I am looking to purchase my first real slingshot since I have been a kid. I mainly want to get one to have something to shoot relatively inexpensively as well as something to stuff in my pack when camping/canoeing as a small critter getter.

I think I may have settled on the Dankung Jungle Hunter II unless somebody has a better suggestion. One of the questions I have is what kind of extra rubber tubing I should buy when I order the slingshot. Should I get the 17/45 or something different?

My other question is, what are y'all using for cheap practice ammo? Hunting ammo?

Is there any other items that y'all recommend that I buy extras of when I place my order?

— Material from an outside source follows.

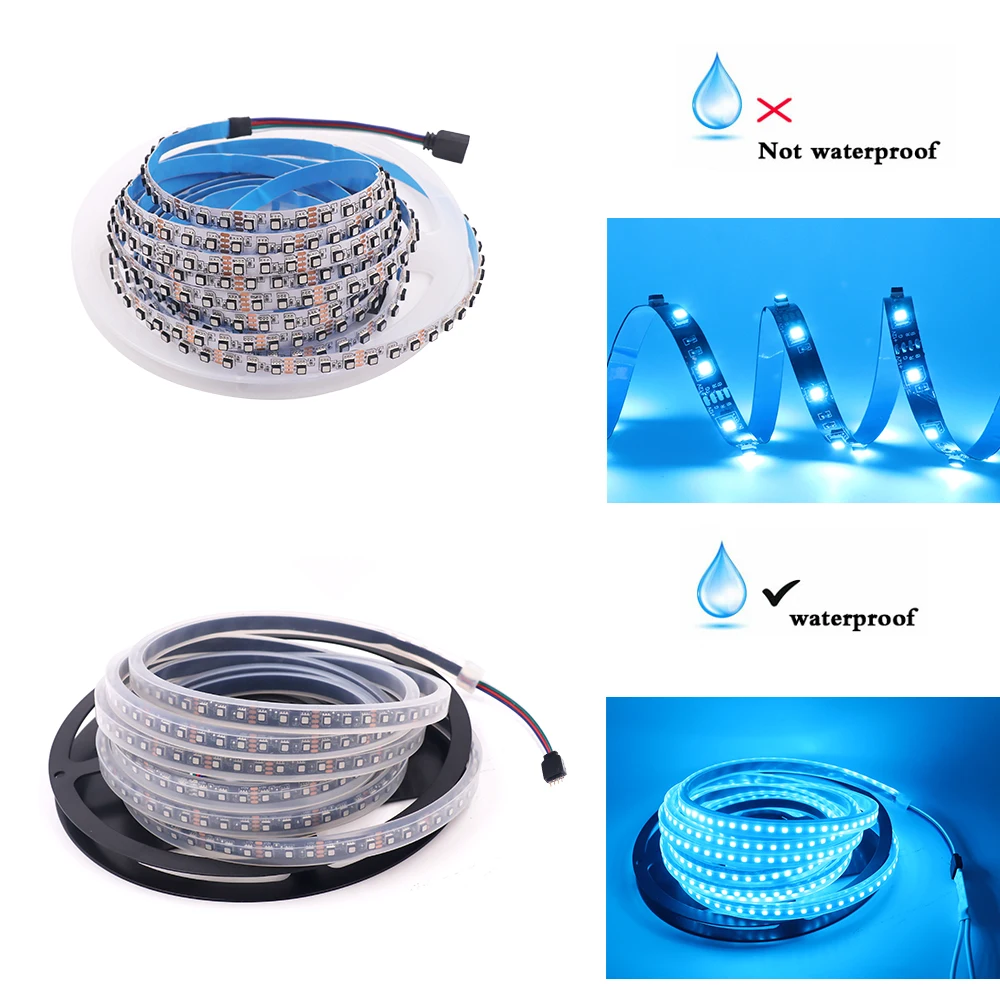 5 м Светодиодная лента 3535 SMD 60 светодиодов/м водонепроницаемая гибкая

Thanks in advance and any other tips y'all care to share I'm more than open to hear them.

DGB


----------



## Sunchierefram (Nov 16, 2013)

Welcome aboard! Good ole rocks work very well for hunting at close to medium ranges. They're free and plentiful.


----------



## leadball (Jan 14, 2014)

I myself am taking another look at rocks. I have found that by placing a rock into a pouch in such a manner that is dose not try to torque or twist as you draw back on the bands will get you a pretty fail flight. Small type rocks. Just a little larger then a marble for practice. I have had no experience hunting with rocks. I find that the marbles can be bought for cheap if you shop around. Some type of backstop so you can recover them. Your in business. The 17/45 shoots them good for me. Your choice of the jungle hunter is a good one I think. It's on the large side. As you shoot more, and watch others getting good results. Your skills will improve as far as getting a projectile between the forks with out any strikes. At that point the world to smaller slingshots will open up.


----------



## ghost0311/8541 (Jan 6, 2013)

What part of fl are you from.


----------



## dasgrizzlybear (Mar 21, 2014)

Thanks for the replies so far.

Ghost - I am from SWFL. Hendry Co. to be more exact.


----------



## ghost0311/8541 (Jan 6, 2013)

Oh ok


----------



## BlackBob (Mar 8, 2013)

Hello and welcome. Rufus Hussy used to use rocks exclusively. For practice whatever ammo you use make a catchbox it will save you money as you will retrieve a minimum 75% of your ammo. I use marbles and 9.5 - 10mm steel bb's when I'm out in the field it is either 10mm or 12mm lead. For information on tubes read Henry's post "Testing Chinese Tubes" in the General slingshot forum you will find more than enough answers there.

Enjoy and be safe.


----------